Take the listing below and print exactly the lines starting at the line containing "2 Perros con Tocino Premium" and ending at the line containing "Du Pere Jean Bed & Breakfast", both ends included, and no others.

SOURCE INFORMATION
***
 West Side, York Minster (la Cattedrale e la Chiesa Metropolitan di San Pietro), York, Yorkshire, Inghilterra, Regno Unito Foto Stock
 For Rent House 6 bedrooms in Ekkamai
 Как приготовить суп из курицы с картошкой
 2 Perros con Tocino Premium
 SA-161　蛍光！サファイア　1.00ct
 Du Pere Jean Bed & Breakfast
***
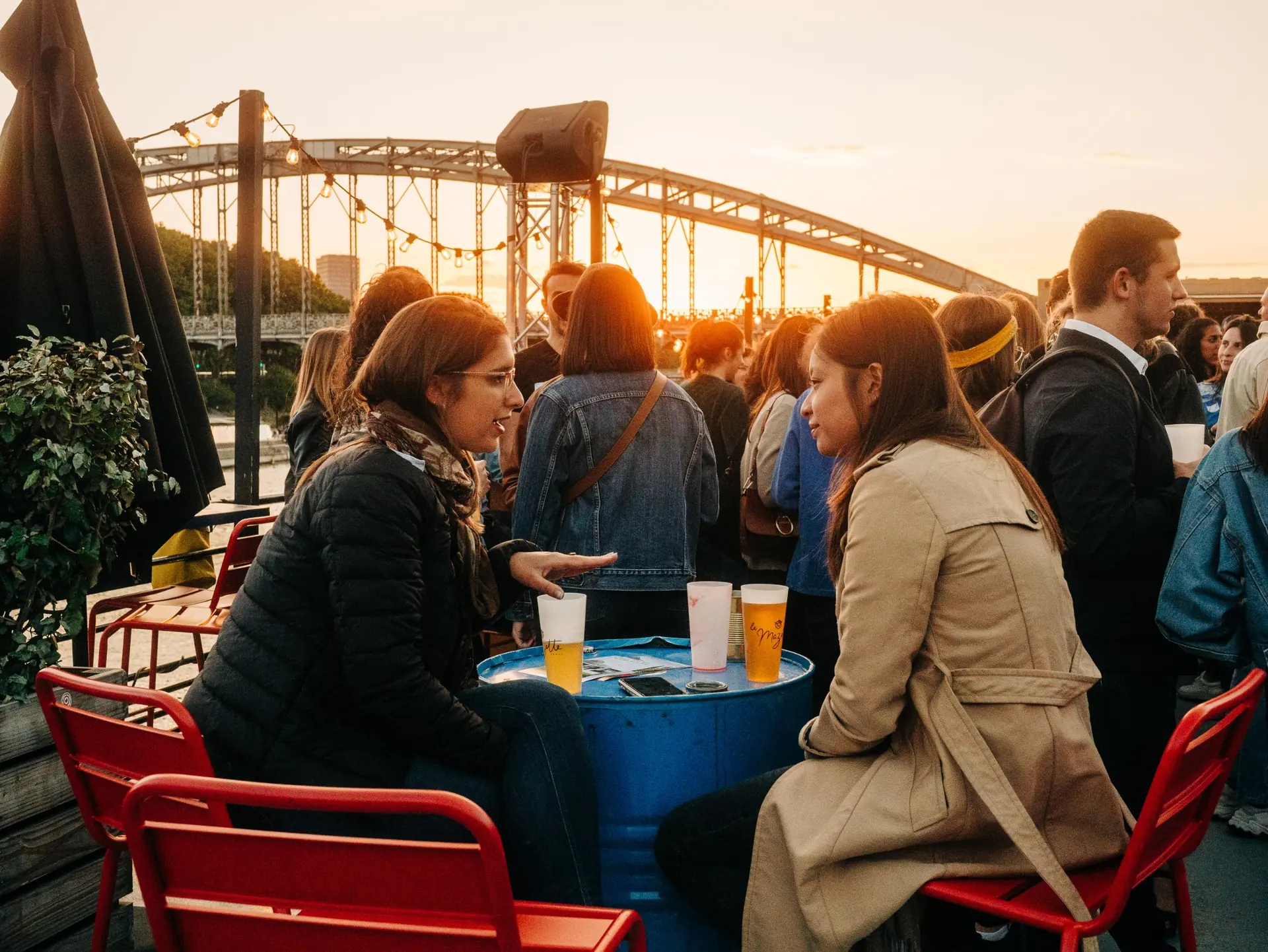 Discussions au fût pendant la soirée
***
RESULT FOR THIS TASK
 2 Perros con Tocino Premium
 SA-161　蛍光！サファイア　1.00ct
 Du Pere Jean Bed & Breakfast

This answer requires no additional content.